Sticking Sex Where it Doesn’t Belong: The Little Things

2010 February 6
by Lizzzzzz

People occasionally get upset with me for being nit-picky about small things relating to gender. Why does it matter if we speak in ways that imply all pizza deliverers are men or say mom when we really mean parent or caregiver? Here’s why I care:

I believe that the more we call attention to gender
differences, the more different the genders appear to be and the more
we excuse or overlook behavior which treats people of different genders not just differently, but unequally.


Here’s a small example of how  we can stop emphasizing gender differences when it’s not really necessary, and, in fact, makes more sense not to. Today, I was looking at a crochet/knit site that is collecting bath kits (with knit/crochet washcloths) to send to Haiti. The site seemed really neat, but I was let down when I saw the instruction that we should not send flower-scented soaps because men will get these kits too. But really, we shouldn’t send scented soap because people of any gender might be allergic or sensitive to scents and/or they may not like the scent. Better to send unscented which everyone will be able to get clean with. Sending soap to people who need it isn’t a gendered cause.

Recycling Batteries

2010 January 7
by Lizzzzzz

As a math teacher, I go through a whole lot of AAA batteries. Pesky non-solar graphing calculators! I have been trying to figure out how to recycle regular old alkaline batteries. It’s confusing because everyone seems to think they are recyclable but no one really knows. Here’s some info I found:

Ask Umbra at grist.org says these things. The City of New York says this.

There a million or so places to drop off rechargeable (not regular alkaline) batteries for recycling. Home Depot and lots of other big chains have drop offs for them.

However, most places don’t bother to recycle regular alkaline batteries. A few Ask Umbra readers wrote they have local drop off places and one person encouraged you to take them to the recycling center anyway because a recycling center employee told her that if they had enough of something, they would try their darndest to recycle it.

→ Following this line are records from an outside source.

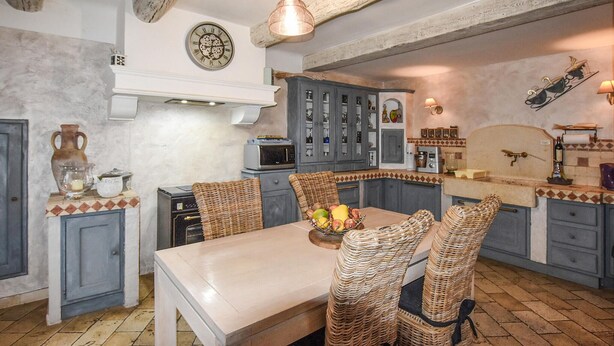 A kitchen with a dining table, wicker chairs, and a fruit bowl. - Luxurious home in Vedène with WiFi (Vedène)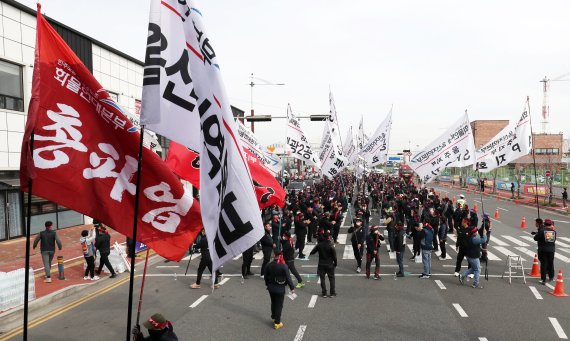 민주노총 전국공공운수노동조합 화물연대 총파업과 관련해 울산본부 조합원들이 24일 오전 울산 남구 울산신항 앞에서 열린 총파업 출정식에서 깃발을 앞세워 입장하고 있다. 화물연대는 안전운임 일몰제 폐지, 안전운임제 전차종, 전품목으로 확대, 노동기본권 확대·화물노동자 권리보장 등을 요구하고 있다. /사진=뉴스1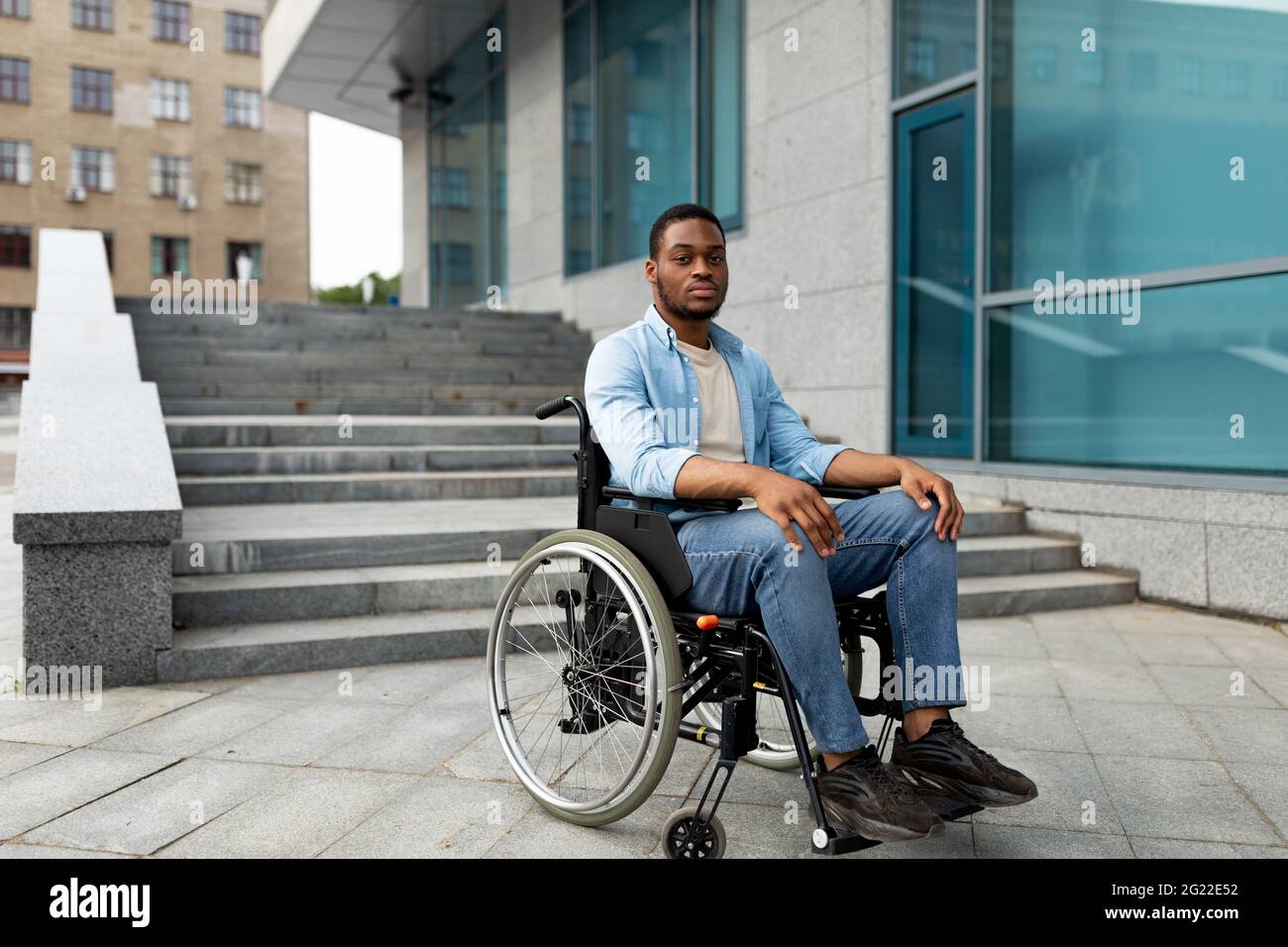 Portrait d'un malheureux homme noir malheureuse en fauteuil roulant à côté de siatrs sans rampe, se sentir stressé, espace libre Banque D'Images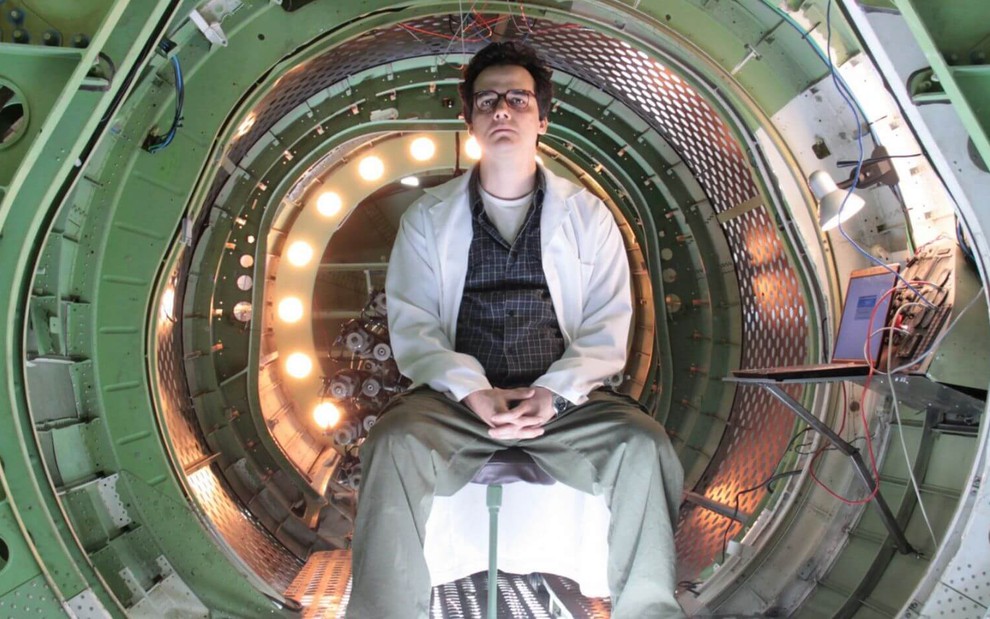 Wagner Moura interpretando um cientista dentro de uma máquina tempo no filme O Homem do Futuro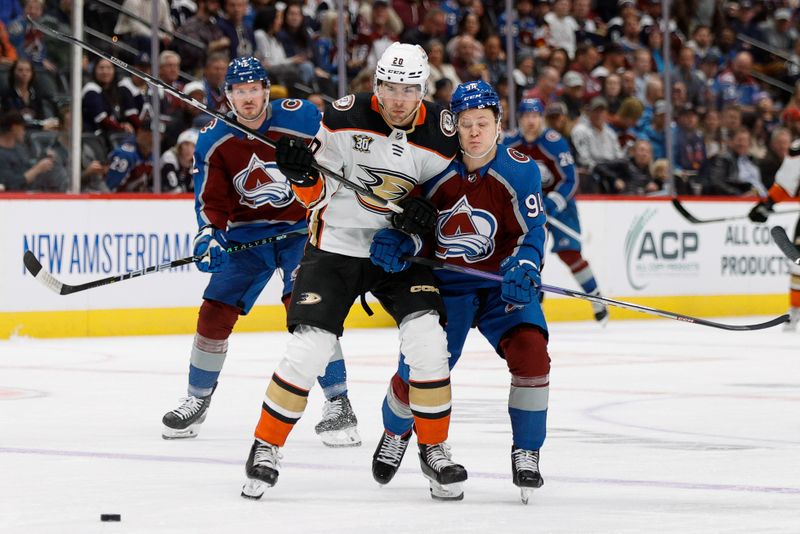 Dec 5, 2023; Denver, Colorado, USA; Anaheim Ducks right wing Brett Leason (20) and Colorado Avalanche center Joel Kiviranta (94) battle for position in the first period at Ball Arena. Mandatory Credit: Isaiah J. Downing-USA TODAY Sports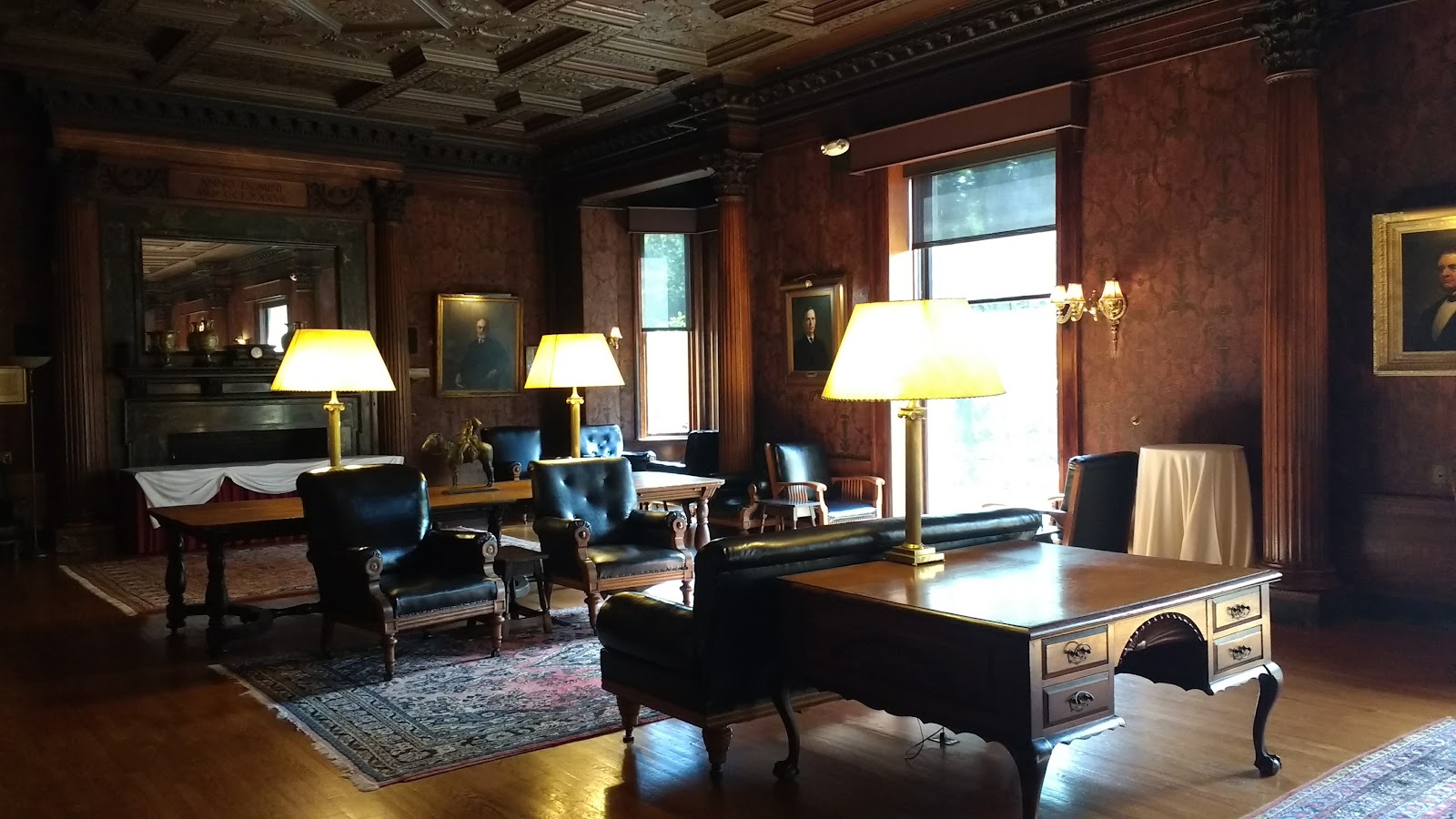 High-ceilinged reception room with tall windows at the Algonquin Club, Boston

I wrote to Walgreens using their online customer service form to ask if they recycle alkaline batteries and will continue to search. In the meantime, clutter sucks so if you’re saving old batteries, it’s deemed ok (by the man?) just to throw them away.

Unless they are rechargeable. In that case, recharge them and recycle at the end of their useful life. I’m going to encourage my dept. to start using rechargeables more.

Back in 2007, I posted this on facebook.

2010 January 5
by Lizzzzzz

Before I had a blog, I sometimes wrote notes on facebook to let people know what feminism I was up to. Here’s one:

Below is the letter I wrote to the author of “A Quiet Revolution in Algeria.” [NY Times] It’s amazing how something so good can have a kernel of bias in it that propagates the real and present fear that feminism isn’t about equality but about revenge for the time women spent as the underdogs. If it were about women “taking over” then we’d kill men, but we don’t, so figure out what it’s really about.

Michael Slackman,

I am writing because I just read your article “A Quiet Revolution in Algeria.” Your reporting on this subject is wonderful and its very important for Americans to know about the status and progress of women the world over. Thank you for this insight into Algeria.
I do have one contention with the article though.
This paragraph:
“Although men still hold all of the formal levers of power and women still make up only 20 percent of the work force, that is more than twice their share a generation ago, and they seem to be taking over the machinery of state as well.”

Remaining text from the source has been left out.